State agencies have played an important role. The Illinois Department of Energy and Natural Resources (ENR) provided an early grant which produced the feasibility study in May, 1982. It was authored by Dr. Donald Hey, a hydrologist, who is the project's director. Other State agencies, including the Scientific Surveys, will play an important role in the research activities.

The U.S. Department of the Interior, the first but hopefully not the last federal agency to become involved, is the administrator of a half-million dollar grant for research and design. Many members of the Illinois Congressional delegation, including Sen. Alan Dixon (D) and Reps. Phil Crane (R-12), Sidney Yates (D-9) and John Porter (R-10), gave their strong support to the congressional appropriation which made this grant possible. Former Sen. Charles Percy (R) was also a proponent of the project.


Illinois Parks and Recreation 14 March/April 1985


Funding the project

Public agencies are expected to provide two-thirds of the funding for the project, mainly for the design and research activities. Private corporations and foundations will provide the remaining funds necessary for the actual project? construction. Many private sponsors have also come forth with support. Atlantic Richfield Foundation, for example, has been an early and committed supporter of the project. Prominent businessman and conservationist Gaylord Donnelley has been an impressive contributor.

Fund raising is far from over. Our immediate efforts are to identify corporations throughout Illinois whose interest in the environment is accompanied by the manufacture of, or access to, the kind of heavy equipment appropriate to grading and excavating the site. A wide range of business and foundation executives have shown an interest in the project as an innovative approach to solving environmental problems.

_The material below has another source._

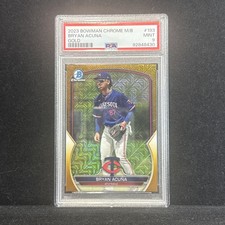 2023 Bowman Chrome M/B Bryan Acuna #BCP-193 Gold Refractor /50 PSA 9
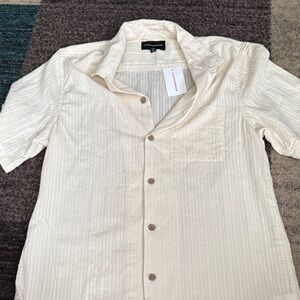 Lucky Brand Men’s Cotton Cream Button down Shirt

Site design, inventory and research plans are being developed this spring, and we expect to begin major construction activities in the summer. Planting will begin in the fall. The remainder of the construction and planting will be accomplished in the spring and summer of 1986. For the next two or three years, monitoring and research will be carried on, with project completion scheduled for 1990.

The Lake County Forest Preserve District will continue to maintain the project site. Greater metropolitan Chicago residents will enjoy the rich scenic beauty of Illinois' restored savannas, prairies and wetlands along the Des Plaines River Valley for years to come.